GM has invested $10.2 billion in its North American facilities since 2009. In May 2011, the company had also initiated an investment plan of $2 billion, targeting 17 assembly and components plants in 8 states for 18 months in the U.S. The program, intended to create or preserve more than 4,000 hourly and salaried jobs at the plants, has been completed.
Recently, GM also mentioned that it would be able to save thousands of dollars in costs per car in the production of next generation Volt by adopting a more efficient design. The new design will help the company use smaller vehicle components and save weight. However, the company did not reveal the launch date of the plug-in hybrid car.
Recently, at an industry conference in Detroit, GM stated that it expects modest growth in global auto sales in 2013 as improvements in China and the U.S. will be offset by sluggish car sales in Europe. The automaker predicted a 5% rise in industry sales in the U.S. and international market each and European market to shrink 4% in the year.
The company foresees pricing pressures to exist, particularly in China and Europe. However, it expects that moderate market share gain across the world, driven by new vehicle launches will boost its profit margins. GM plans to upgrade 70% of its global lineups by the end of this year.

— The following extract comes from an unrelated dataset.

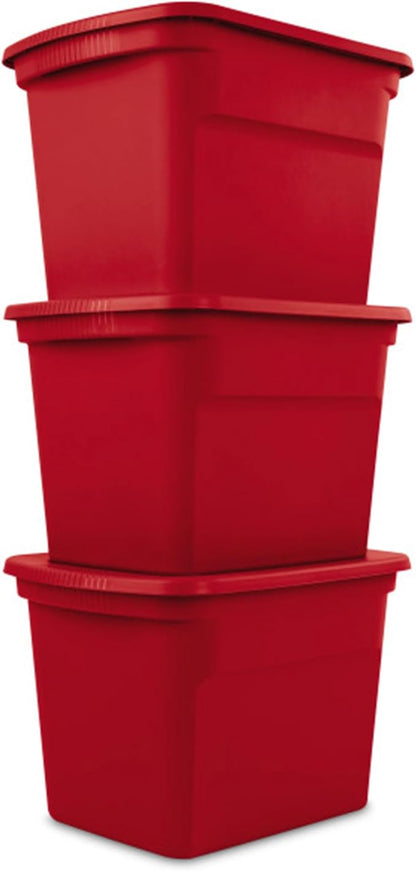 Sterilite 18 Gallon Stackable Storage Tote Container, Seasonal Home Decor, and Garage Organizer Bin with Lid, Red (16 Pack)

In North America, GM aims to boost market share and increase vehicle pricing. The company expects to enhance profit margins in the region to 10% in the next three or four years from 8% currently. Meanwhile, the company has targeted break-even results in Europe by 2015. In China, GM intends to improve margins by continuing investing in Cadillac and rolling out its OnStar communications, in-car safety system.
Many automakers started focusing on electric powered vehicles as President Barack Obama’s administration set a goal of achieving 1 million battery-powered vehicles on the road by 2015.
In August 2012, Ford Motor Co. (F - Analyst Report) announced its plan to invest $135 million to develop key components, including advanced battery systems, for its next-generation hybrid-electric vehicles. The automaker is looking forward to doubling its battery-testing capabilities to 160 individual battery-test channels by 2013. It aims to boost development of hybrid-electric vehicles by at least 25%.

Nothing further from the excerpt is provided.